What to work on =
Reproduce the records. Keep every word exact and include no images.
#### Material shown
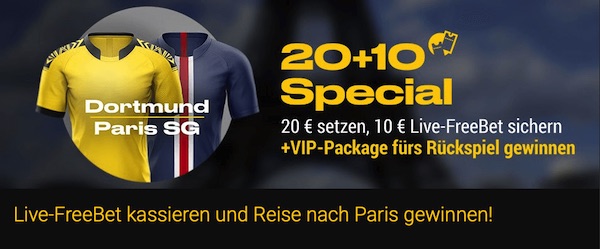 Bwin BVB PSG 20 + 10 Freiwette wetten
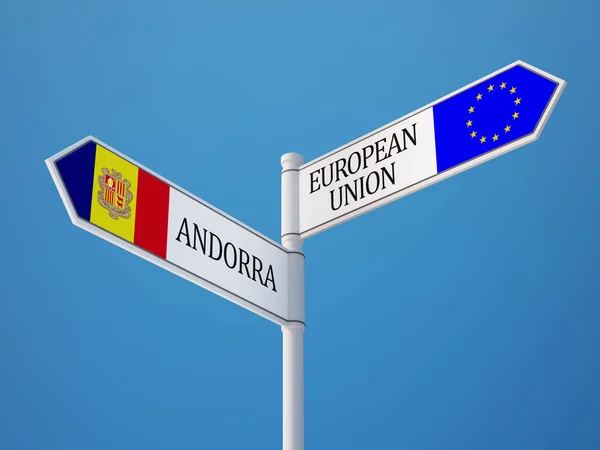 Europeiska unionen Andorra tecken flaggor koncept — Stockfoto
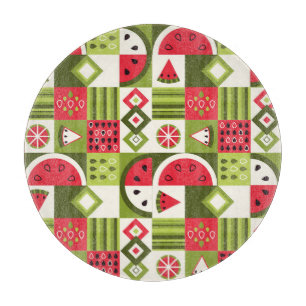 Dekorative Watermelon Elemente Kunst, Dichtung und Schneidebrett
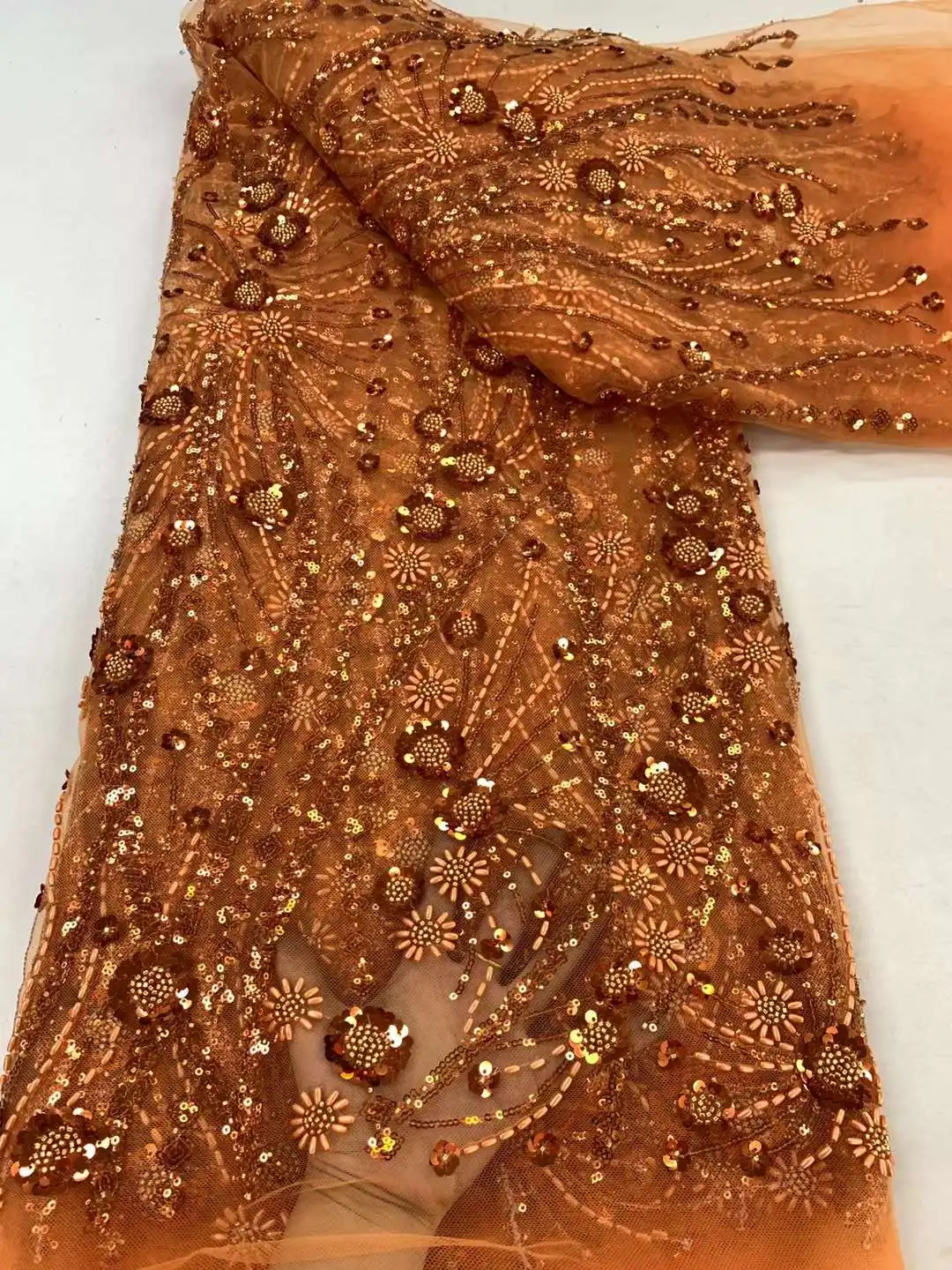 Luxo frisado tecido de renda de tule nigeriano artesanal lantejoulas pesadas, tecido de renda do noivo para vestidos de casamento nupciais, ZX, africano, 2022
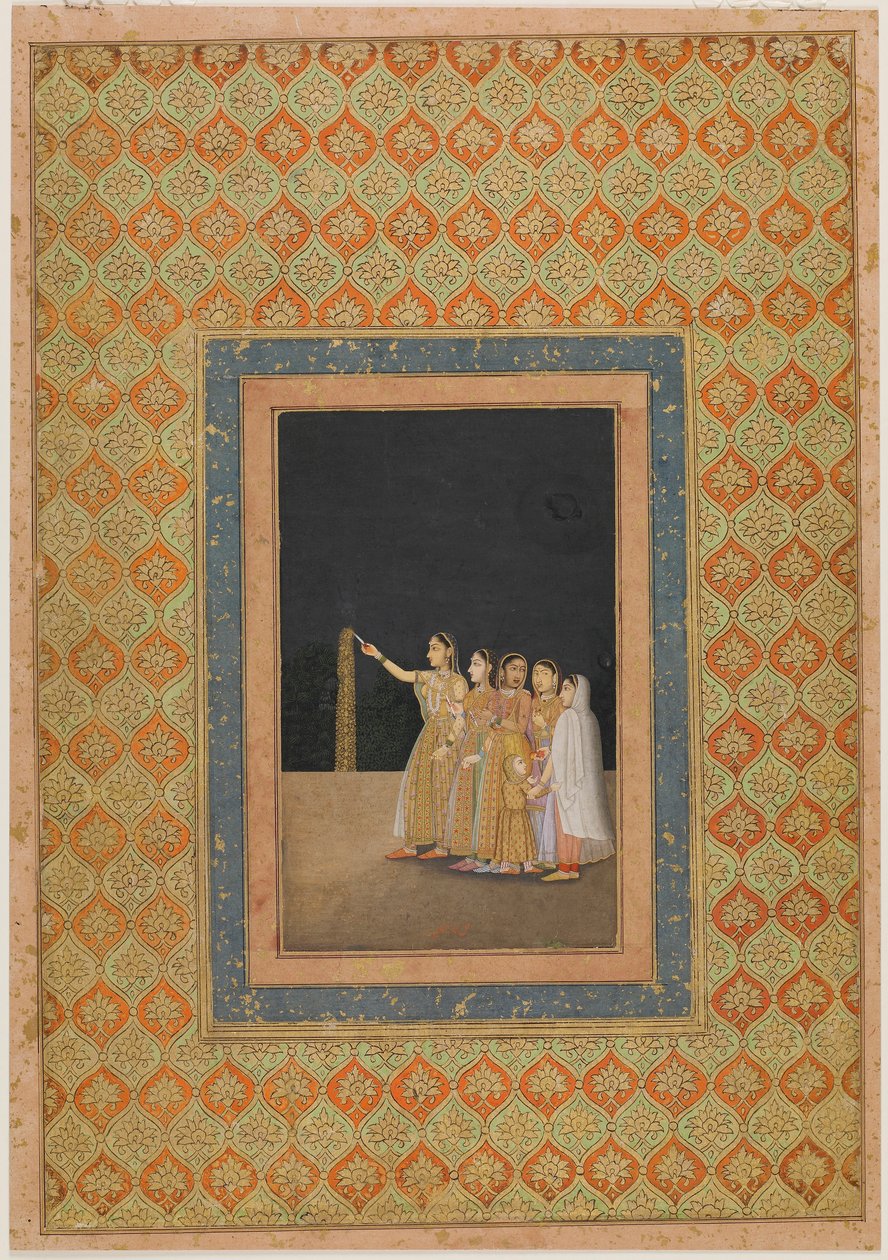 Dvorní dámy si hrají s ohňostrojem, ca. 1740. od Muhammad Afzal
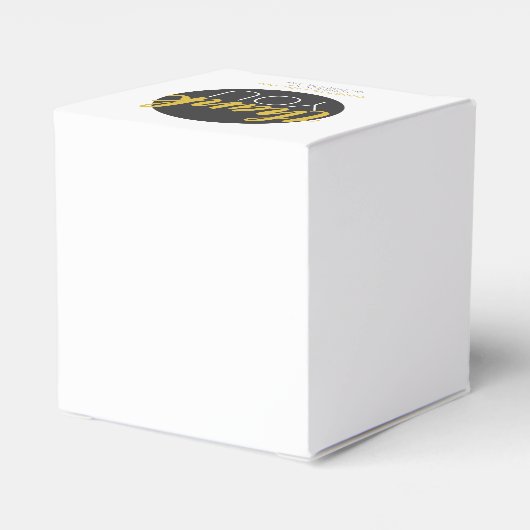 Elegant zwart cirkel goud dank u bruiloft bedankdoosjes (Achterkant)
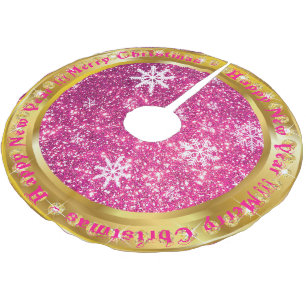 Populair Snowflake Gold Glitter Pink Kerstboom Rok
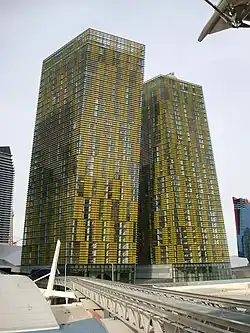 View of the twin Veers Towers complex from the west.
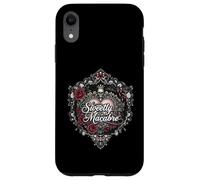 Sweetly Macabre Gothic Skull Bat Roses Floral Heart Design Carcasa para iPhone XR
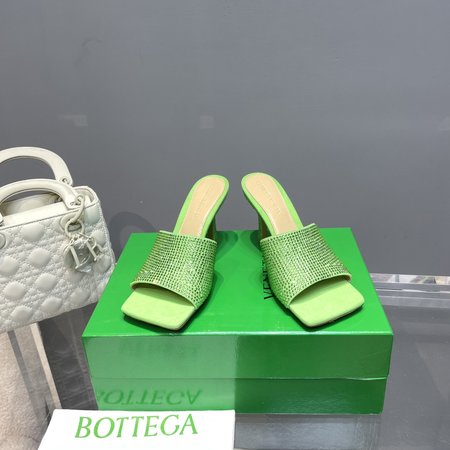 Bottega Veneta square toe high heel slippers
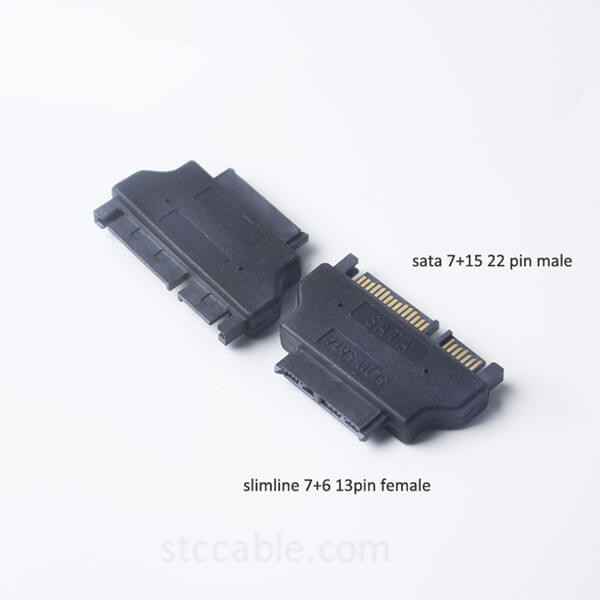 Online Exporter Cat6a Ethernet Patch Cord - SATA 22pin Male to Slim 13pin Female Adapter – STC-CABLE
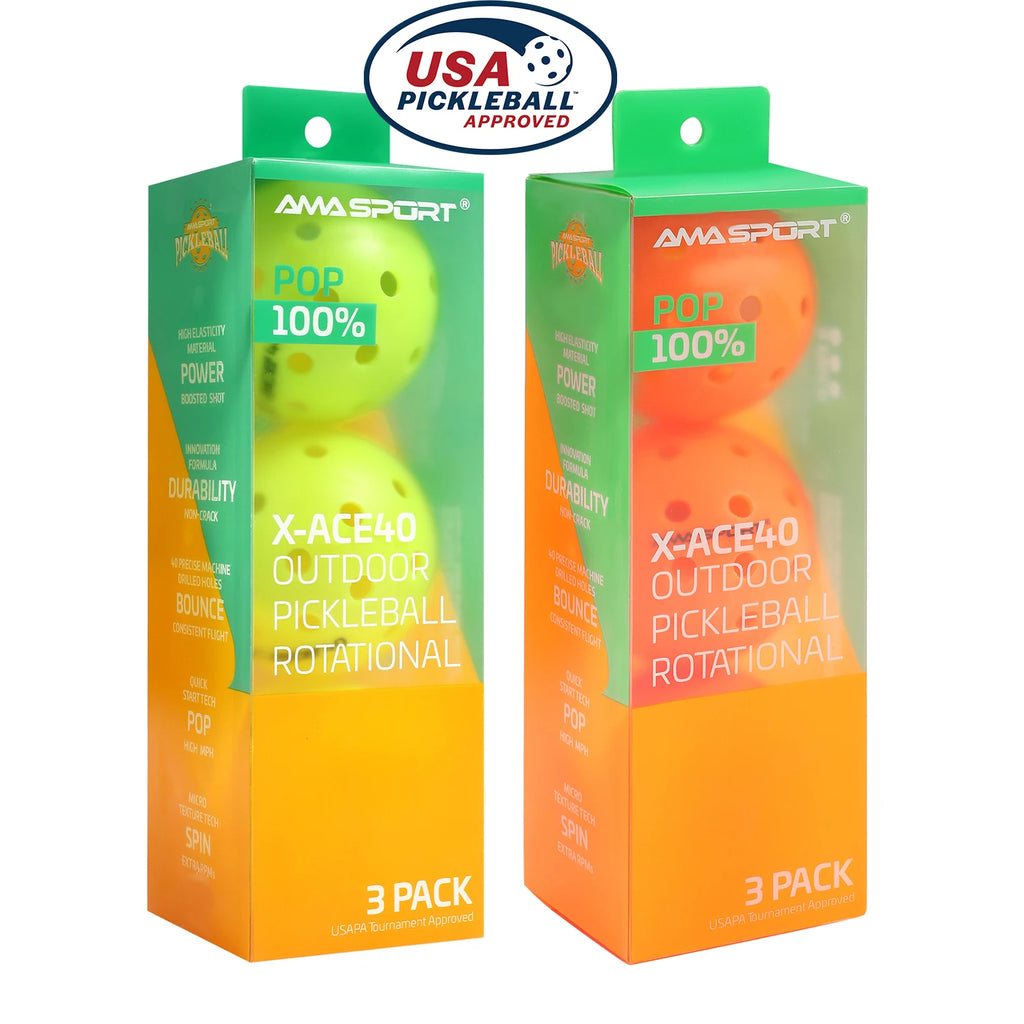 AMA Sport X-ACE Pickleballs 40 Hole Outdoor Pickleball Balls Crack Resistant ONE Piece Balls 100% POP-Optic Yellow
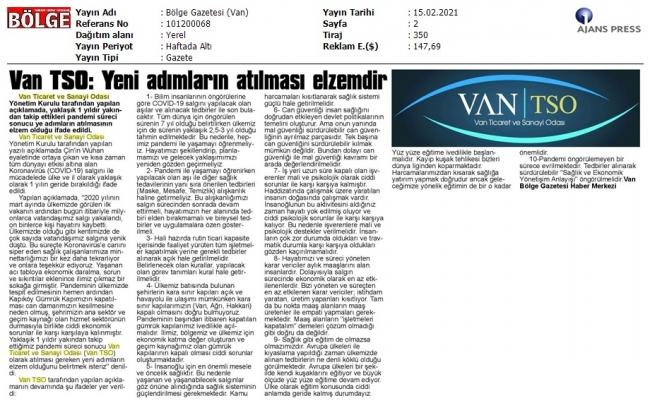 VAN TS0: YENİ ADIMLANN ATILMASI ELZEMDİR
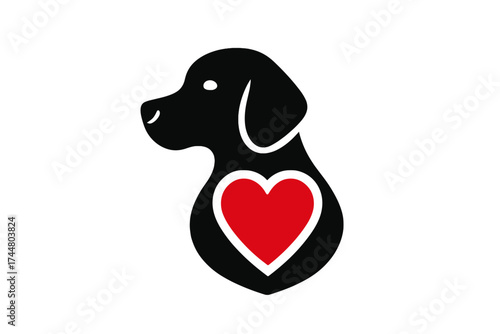 Dog with heart logo. Pet love icon. Animal care & adoption concept. Vector for veterinary clinic, shelter or charity. Labrador silhouette passion. Healthy puppy graphic symbol.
########
Output =
 Bwin BVB PSG 20 + 10 Freiwette wetten
 Europeiska unionen Andorra tecken flaggor koncept — Stockfoto
 Dekorative Watermelon Elemente Kunst, Dichtung und Schneidebrett
 Luxo frisado tecido de renda de tule nigeriano artesanal lantejoulas pesadas, tecido de renda do noivo para vestidos de casamento nupciais, ZX, africano, 2022
 Dvorní dámy si hrají s ohňostrojem, ca. 1740. od Muhammad Afzal
 Elegant zwart cirkel goud dank u bruiloft bedankdoosjes (Achterkant)
 Populair Snowflake Gold Glitter Pink Kerstboom Rok
 View of the twin Veers Towers complex from the west.
 Sweetly Macabre Gothic Skull Bat Roses Floral Heart Design Carcasa para iPhone XR
 Bottega Veneta square toe high heel slippers
 Online Exporter Cat6a Ethernet Patch Cord - SATA 22pin Male to Slim 13pin Female Adapter – STC-CABLE
 AMA Sport X-ACE Pickleballs 40 Hole Outdoor Pickleball Balls Crack Resistant ONE Piece Balls 100% POP-Optic Yellow
 VAN TS0: YENİ ADIMLANN ATILMASI ELZEMDİR
 Dog with heart logo. Pet love icon. Animal care & adoption concept. Vector for veterinary clinic, shelter or charity. Labrador silhouette passion. Healthy puppy graphic symbol.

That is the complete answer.